Over the years I’ve done a lot of work in the area of Regulatory Compliance and Information Quality. Whether it is Data Protection, Information Quality, Governance or Compliance, it is important to bear in mind that what we are dealing with a Quality Management System:

  • Data Protection Compliance is the Quality System where by the obligations and expectations which arise under Data Protection/Privacy laws are met consistently
  • Information Quality programmes involve, by definition, the implementation of a Quality Management System
  • Information/Data Governance… well, that’s another form of Quality Management System
  • Complying with other forms of industry or Governmental regulation… well, the best way to achieve those objectives is through some form of systemic approach to meeting or exceeding expectations.

In my experience Compliance and Governance initiatives and strategies tend to fall into three camps:

  1. Documentation Driven by “Rules Wizards”, with extensive policy and procedure documentation, usually from the comfort of an Ivory Tower in the Business that is comfortably removed from GEMBA
  2. Technology Triggered by “Techno-Lords”, usually from within the bowels of the organisation’s IT department, which is also often at a distance from the place where the work is actually getting done.
  3. Awareness and Attitude Oriented: Driven by a “Coalition of the Willing”, with a focus on policy that is actually executed through the appropriate use of supporting technologies and a strong focus on the “Human Factors” that lead to awareness and understanding of the required changes.
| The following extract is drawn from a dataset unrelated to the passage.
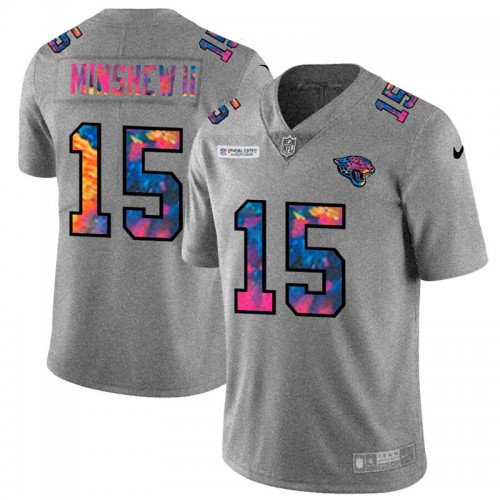 Jacksonville Jacksonville Jaguars #15 Gardner Minshew II Men's Multi-Color 2020 Crucial Catch Jersey Greyheather Men's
Often it is difficult to see which kind of initiative you are dealing with. In organisations that have a “Document Driven” approach, management take comfort in the fact that they have documented procedures and policies for everything therefore everything is in control. In “Technology Triggered” initiatives, the management of the organisation places a blind faith in the power of technology to protect, prevent, detect, and mitigate issues.

Both approaches are doomed to failure. Neither, no matter how sophisticated, can ever deliver anything other than “small ‘c’” compliance. Because Quality Systems are about more than just documentation or technology. Real quality requires a sustainable change in attitudes and awareness. After all, Deming’s 1st two points of Management Transformation are not “Write documents” or “Get good technology”: They is “Create a Constancy of Purpose” and “Adopt the New Philosophy”.
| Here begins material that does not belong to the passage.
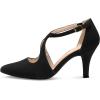 imagemysoft Womens Dress Shoes Closed Toe Pumps 3 inch Heels Cross Strap Wedding Prom Party Stiletto Shoes for WomenBlack Nubuck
Purpose and Philosophy require that the organisation look at the attitudes that are there. It is as important to understand and articulate a Vision for the Quality System… and to make sure that that Vision is embedded in the mind-sets and attitudes of the staff in the organisation.

At a conference in London in 2005 Joyce Orsini of Fordham University shared a story with me of a trip W.Edwards Deming (she was working with Deming at the time) took to an automobile manufacturer in the US in the mid 1980s. On this trip the plant manager took great pride in showing off the robots (technology) that they were using to manufacture the cars. Deming noticed that every time the robot arm swung over the car it dented the boot (trunk) lid of the car. He asked if this was part of the Quality Standard (Policies). The Plant Manager said no, it wasn’t, but they had a man at the end of the production line with a hammer to knock the dent back out.

A lack of awareness about the operation and objectives of the Quality System and what it meant as a value system meant that no-one in the plant seems to have questioned the operation of the Quality System.

Without Awareness and Attitude the investment in Documentation and Technology that form part of the Quality System will ultimately have sub-optimal return.